Artist

Ute Lemper

Genre: Vocal ,Cabaret ,Show Tunes ,Cast Recordings ,Vocal Pop ,Adult Alternative Pop / Rock ,Contemporary Pop
Origin: U.S.A
Active: 1983 - Present
Listen on Coda
Germany's Ute Lemper has earned worldwide acclaim for her multifaceted career as a vocalist, composer, performer, and screen presence. The 1986 album Ute Lemper Sings Kurt Weill positioned her early as a leading voice for the cabaret repertoire of Weimar Germany. Her 1989 release Crimes of the Heart placed her squarely in a pop context. By 1993 the international hit Illusions demonstrated her command of French chanson. She joined forces with Stephen Sondheim for the 1995 project City of Strangers. Punishing Kiss, issued in 2000, featured original material penned expressly for her by contemporary writers. In 2015 she turned to the poetry of Pablo Neruda for Forever: The Love Poems of Pablo Neruda, then partnered with Brazilian author Paulo Coelho on the 2016 song cycle The Nine Secrets. Rendezvous with Marlene, released in 2020, paid homage to Marlene Dietrich. Time Traveler, an entirely original collection issued by Jazzhaus in June 2023, merged privately taped songs from earlier decades with fresh compositions.

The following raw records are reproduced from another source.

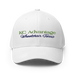 Front angle of the MAS Kansas City Advantage Wheelchair Tennis Script White Flexfit Curved Bill Fitted against a white background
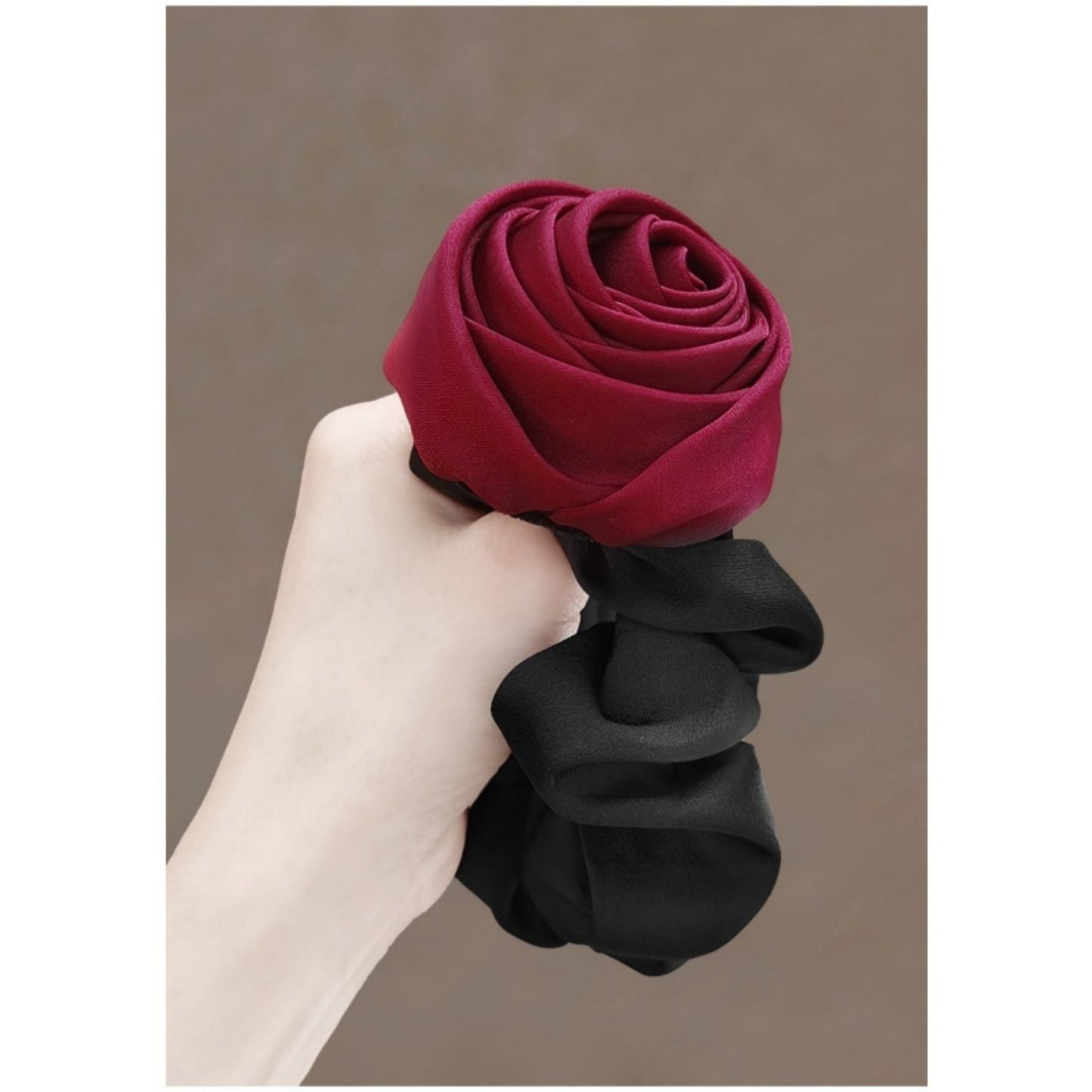 3-Piece Scrunchie Set with Sculpted Fabric Rose and Gathered Elastic Hair Ties 3.5in (Rose 2.5in)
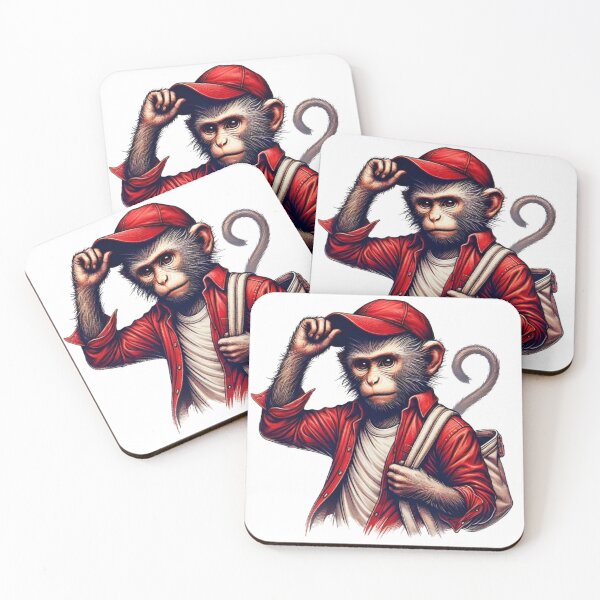 Item preview, The Adventurous Monkey in Red designed and sold by ArtyRed.
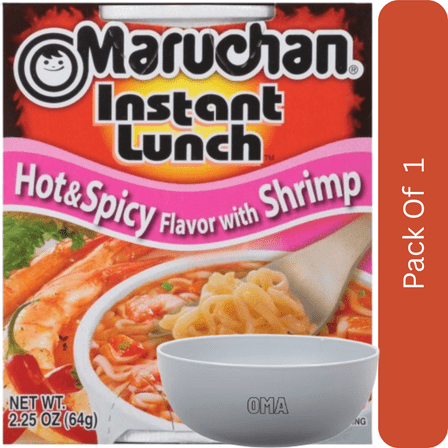 Maruchan Instant Lunch Hot & Spicy Shrimp Flavor Ramen Noodles – 2.25 oz Cup-With Olive White Bowl By OMA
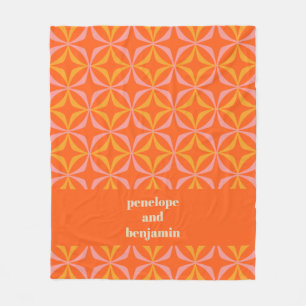 Personalized Names Retro Orange Yellow Geometric  Fleece Blanket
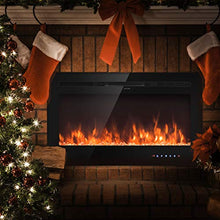 Load image into Gallery viewer, Tangkula 36" Electric Fireplace, in-Wall Recessed and Wall Mounted 750 W / 1500 W Fireplace Heater, Touch Screen Control Panel, 9 Flamer Color, Temperature Control &amp; Timer Crystal Heater (36 inches)
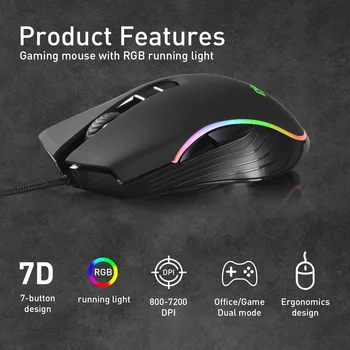 7 Tlačidlá Káblové pripojenie Hernej Myši Programovateľné Tlačidlá Hry Myš RGB Svetlo Max do 6 úrovní 7200DPI Prenosný Počítač Office Príslušenstvo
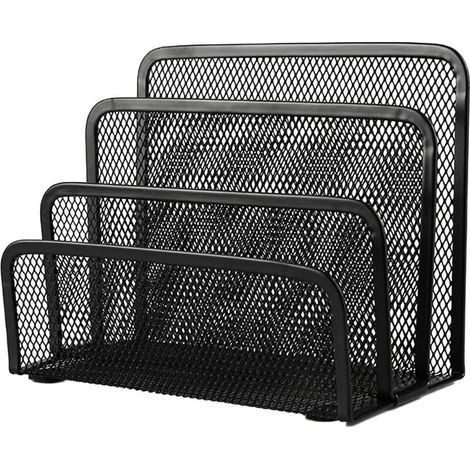 Plateau à courrier en maille métallique, porte-documents, porte-revues en maille métallique, trieur de bureau, porte-documents, organiseur de rangement à 3 niveaux (1/5)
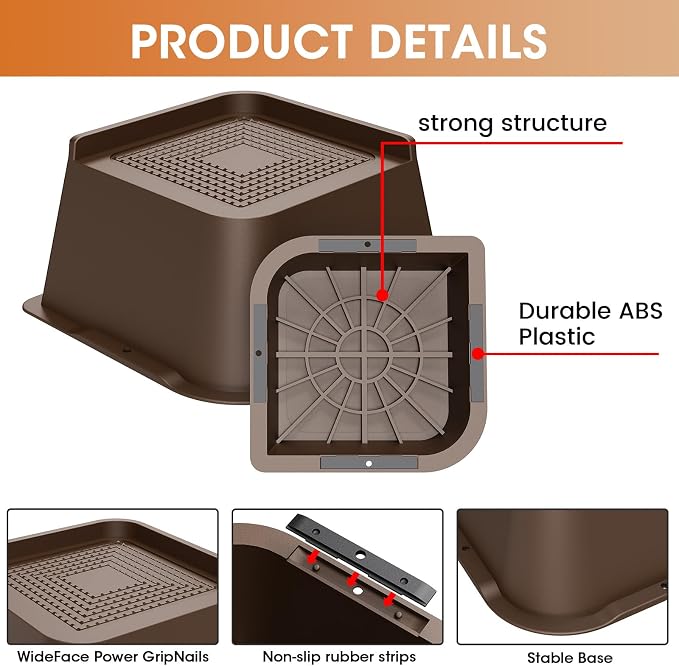 MXMZHXU Bed Risers 2 inch, 3 inch, 4 inch, 6 inch or 8 inch Heavy Duty - Image 5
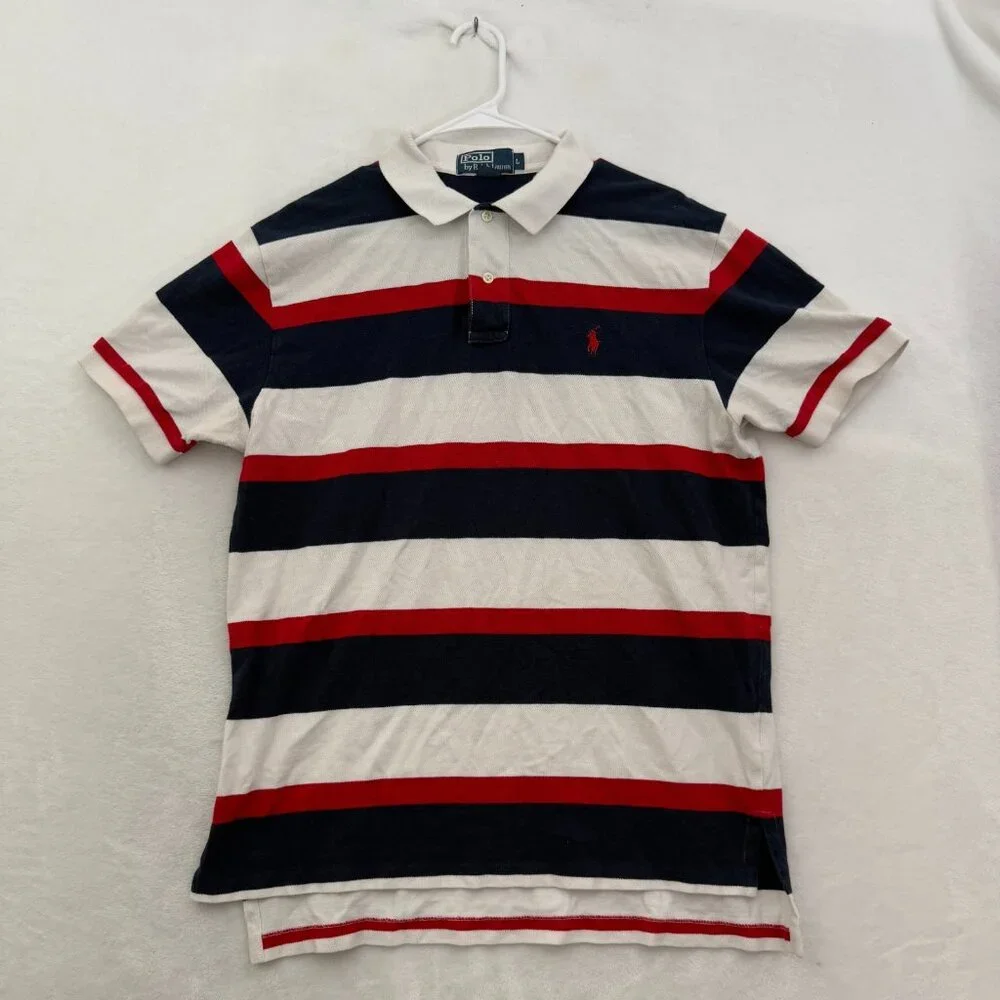 Polo Ralph Lauren Polo Shirt Mens Multicolor Stripe Pony Preppy Knit Casual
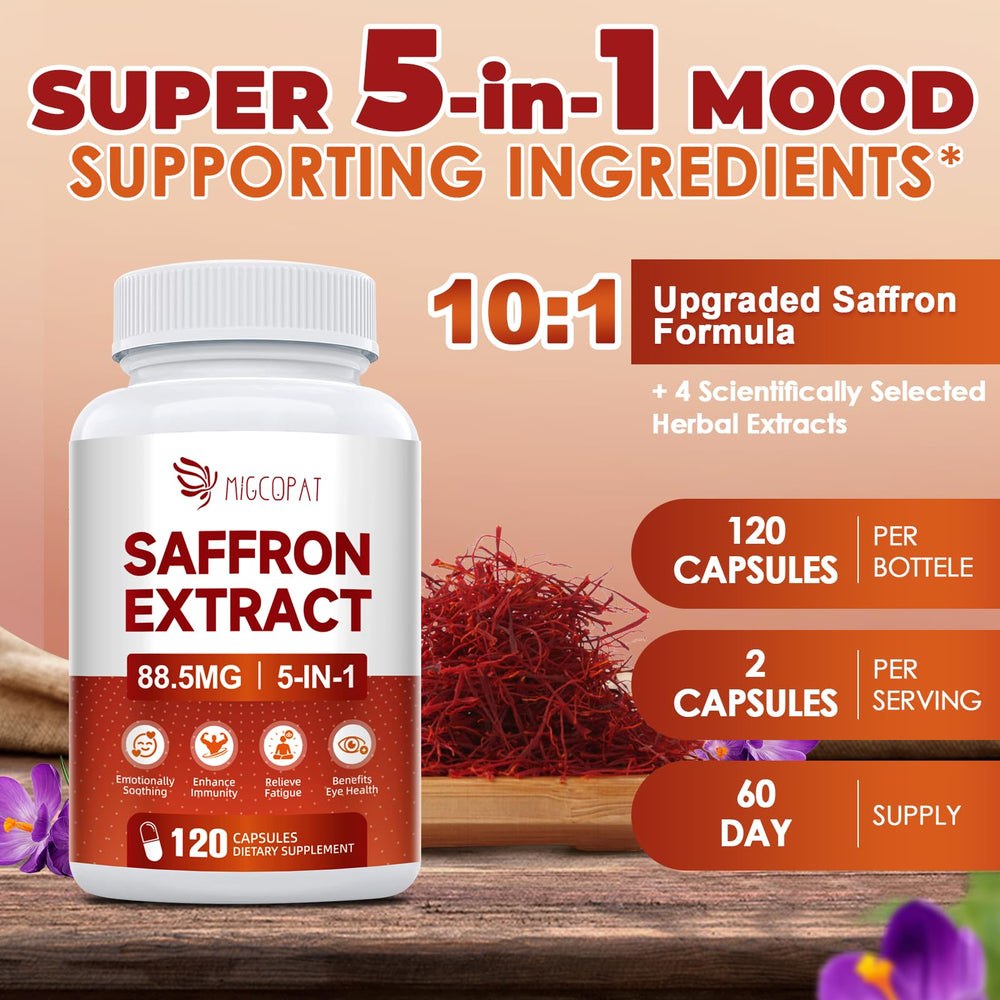 Migcopat saffron manufacturing QA seal on bottle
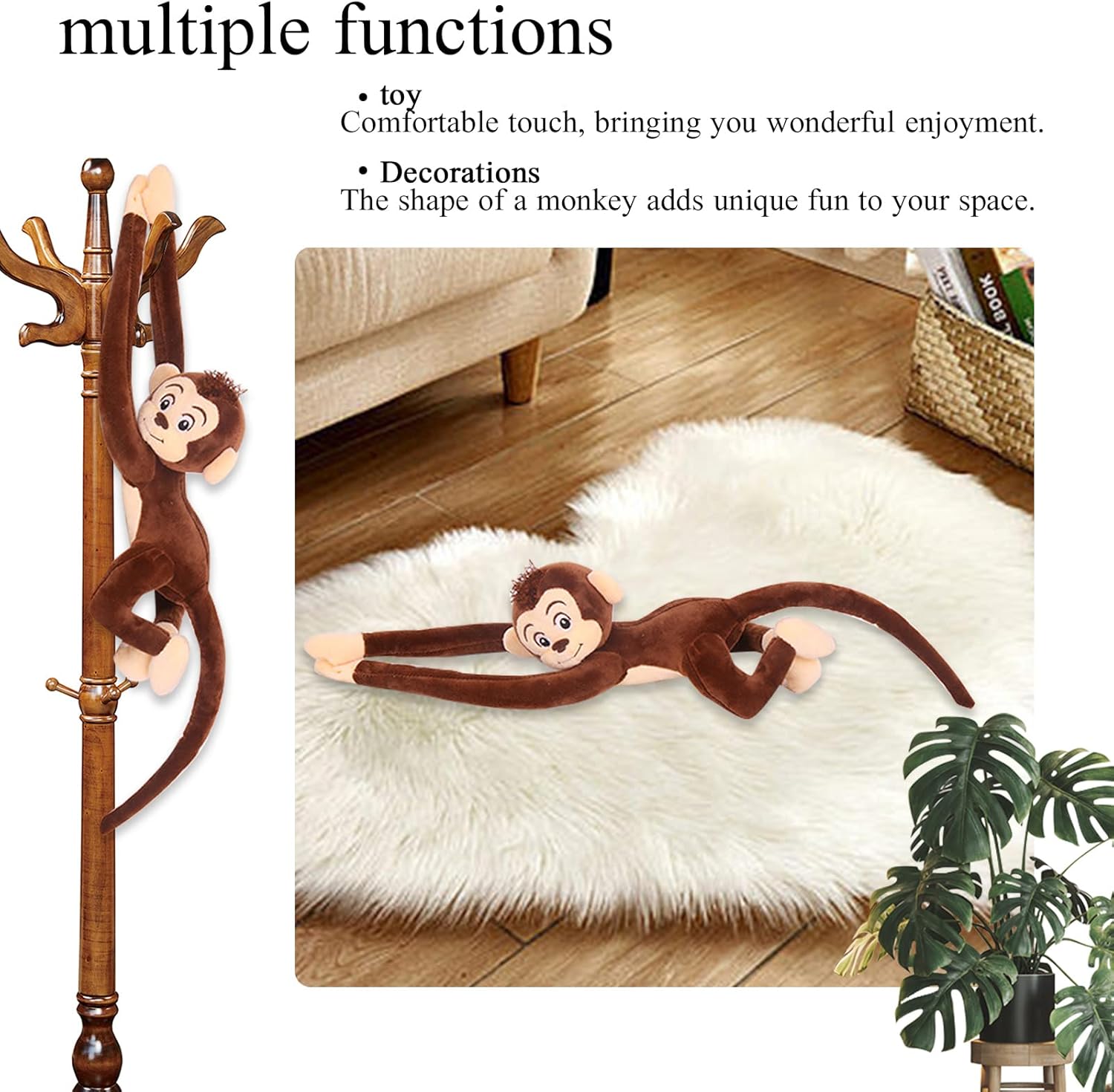 CHELEI2019 35.4" Monkey Plush Stuffed Animal,Hanging Stuffed Animal Monkey with Hand,Brown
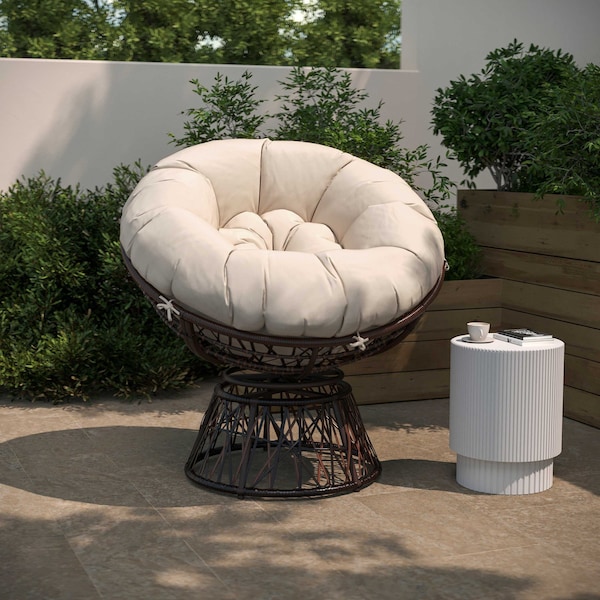 Flash Furniture Bowie Comfort Series Brown Swivel Patio Chair with Beige Cushion - JE-5101W-BG-GG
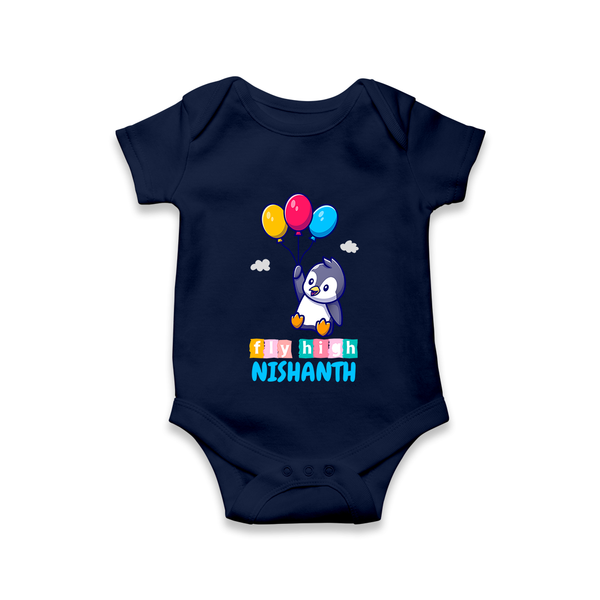 Fly High Romper/onesie | Personalized Baby Romper/onesie for Dreamers and Doers - NAVY BLUE - New Born (Chest 14")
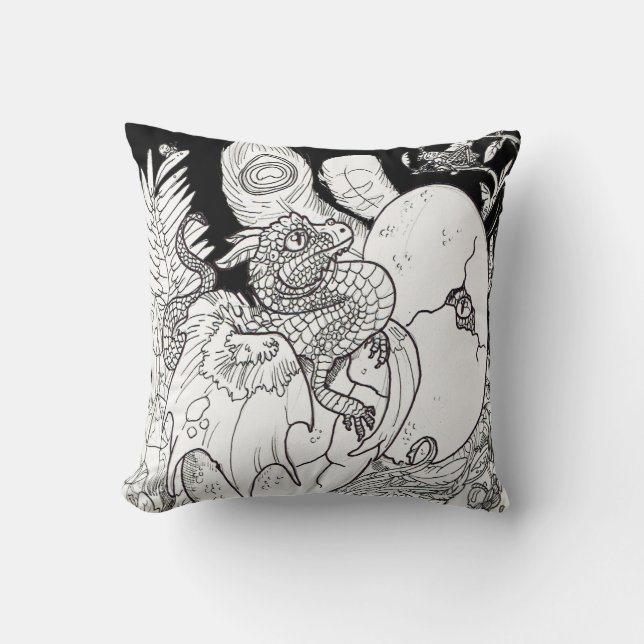 Hatchling Dragon line art ink drawing Throw Pillow (Front)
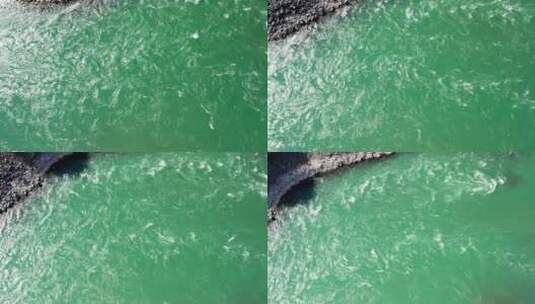 俯瞰绿色的江水高清在线视频素材下载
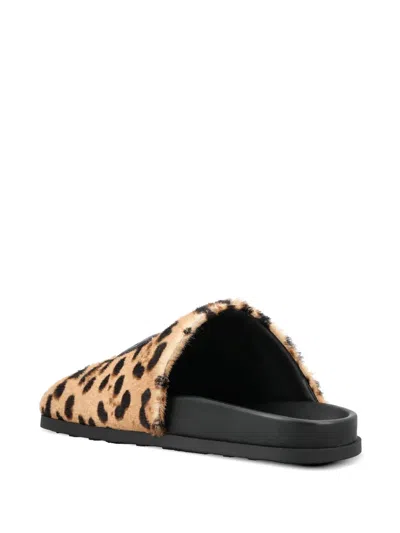 Givenchy Label Flat Mules In Pony Effect Leather With Leopard Pattern In Multi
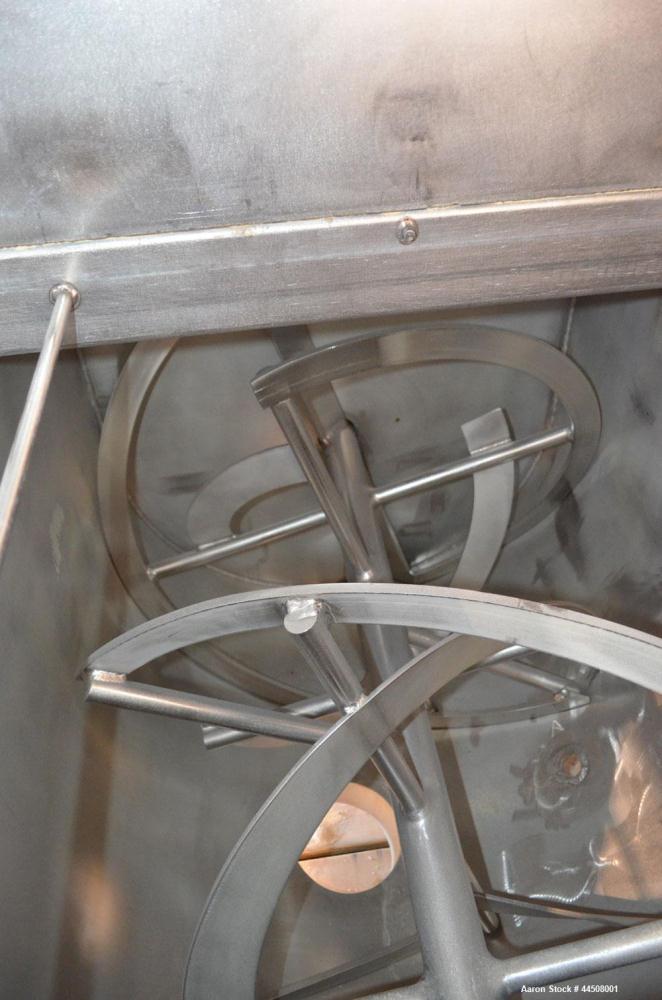 Used Marion Ribbon Blender, Model SRS-3648, 30 Cubic Foot Working Capacity (41 Total), 304 Stainless Steel. Non-jacketed trough 36” wide x 48” long x approximately 45” deep. 3” Diameter shaft. Inner ...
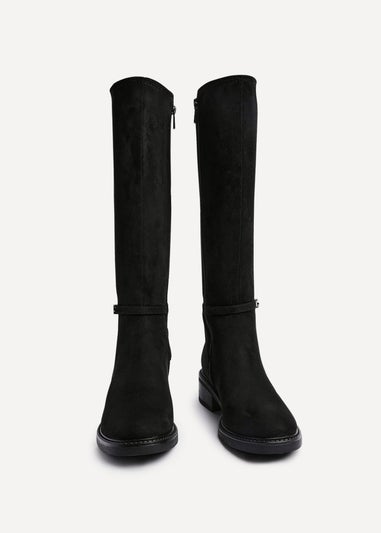 Linzi Power Black Faux Suede Riding Boot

Born in Münster on July 4, 1963, Lemper began piano and dance lessons at age nine before pursuing theater training at the Max Reinhardt Seminary in Vienna and completing further studies in Salzburg, Cologne, and Berlin. After taking the stage in the Viennese mounting of Andrew Lloyd Webber's Cats in 1983, she assumed the title role in the musical Peter Pan two years later. Her portrayal of Sally Bowles in a 1986 European revival of Cabaret earned a Molière award during its run at Paris' Théâtre Mogador. Following an international tour devoted to the songs and life of Kurt Weill, she moved into film with appearances in Peter Greenaway's Prospero's Books and Robert Altman's Ready to Wear.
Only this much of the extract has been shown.